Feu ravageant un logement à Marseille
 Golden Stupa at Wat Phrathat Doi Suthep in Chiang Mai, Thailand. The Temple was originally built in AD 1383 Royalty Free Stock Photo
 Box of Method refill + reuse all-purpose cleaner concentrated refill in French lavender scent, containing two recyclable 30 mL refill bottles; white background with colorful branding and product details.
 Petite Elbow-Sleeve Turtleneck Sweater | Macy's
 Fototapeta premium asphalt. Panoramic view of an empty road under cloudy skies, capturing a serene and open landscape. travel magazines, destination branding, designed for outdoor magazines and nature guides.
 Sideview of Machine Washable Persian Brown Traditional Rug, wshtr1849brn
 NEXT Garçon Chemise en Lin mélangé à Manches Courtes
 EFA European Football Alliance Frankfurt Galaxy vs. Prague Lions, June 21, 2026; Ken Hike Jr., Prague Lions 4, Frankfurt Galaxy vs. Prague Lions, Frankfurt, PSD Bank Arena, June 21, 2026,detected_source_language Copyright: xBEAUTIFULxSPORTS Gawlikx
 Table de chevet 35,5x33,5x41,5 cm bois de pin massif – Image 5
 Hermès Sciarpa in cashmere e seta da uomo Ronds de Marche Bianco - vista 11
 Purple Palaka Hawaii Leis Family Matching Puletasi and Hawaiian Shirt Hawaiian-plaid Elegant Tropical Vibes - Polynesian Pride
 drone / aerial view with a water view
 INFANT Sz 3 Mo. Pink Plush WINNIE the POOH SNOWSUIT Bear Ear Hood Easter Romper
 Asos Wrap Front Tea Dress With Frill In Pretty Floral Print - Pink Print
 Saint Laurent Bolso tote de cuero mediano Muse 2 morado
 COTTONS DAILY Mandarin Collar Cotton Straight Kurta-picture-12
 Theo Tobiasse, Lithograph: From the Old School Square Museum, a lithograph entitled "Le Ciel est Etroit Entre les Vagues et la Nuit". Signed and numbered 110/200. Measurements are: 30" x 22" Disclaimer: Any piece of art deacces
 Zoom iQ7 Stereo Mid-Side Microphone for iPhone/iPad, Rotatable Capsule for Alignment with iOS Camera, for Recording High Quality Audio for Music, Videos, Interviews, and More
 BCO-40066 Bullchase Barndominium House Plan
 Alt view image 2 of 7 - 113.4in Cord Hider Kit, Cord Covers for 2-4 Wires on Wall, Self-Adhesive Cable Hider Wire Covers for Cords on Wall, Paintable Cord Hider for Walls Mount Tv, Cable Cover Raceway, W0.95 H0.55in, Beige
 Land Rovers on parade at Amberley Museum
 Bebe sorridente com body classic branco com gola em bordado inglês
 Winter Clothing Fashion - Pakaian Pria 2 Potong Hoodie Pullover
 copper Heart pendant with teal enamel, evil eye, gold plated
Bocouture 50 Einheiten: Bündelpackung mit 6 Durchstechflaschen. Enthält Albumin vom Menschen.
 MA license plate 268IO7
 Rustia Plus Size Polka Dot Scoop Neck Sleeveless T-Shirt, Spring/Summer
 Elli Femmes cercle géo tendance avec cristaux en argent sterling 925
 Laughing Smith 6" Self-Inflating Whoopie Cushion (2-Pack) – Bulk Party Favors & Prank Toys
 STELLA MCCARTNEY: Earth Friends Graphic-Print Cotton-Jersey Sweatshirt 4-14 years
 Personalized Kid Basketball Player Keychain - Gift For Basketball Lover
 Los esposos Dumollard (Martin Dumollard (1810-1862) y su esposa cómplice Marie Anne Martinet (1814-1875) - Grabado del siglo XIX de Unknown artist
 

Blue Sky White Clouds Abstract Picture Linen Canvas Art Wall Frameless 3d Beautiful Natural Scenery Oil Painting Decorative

##########

__GOAL OF THE EXERCISE__. Within the material, find all lines that hold the word "Museum" and show them.

__FINAL ANSWER__.
 Theo Tobiasse, Lithograph: From the Old School Square Museum, a lithograph entitled "Le Ciel est Etroit Entre les Vagues et la Nuit". Signed and numbered 110/200. Measurements are: 30" x 22" Disclaimer: Any piece of art deacces
 Land Rovers on parade at Amberley Museum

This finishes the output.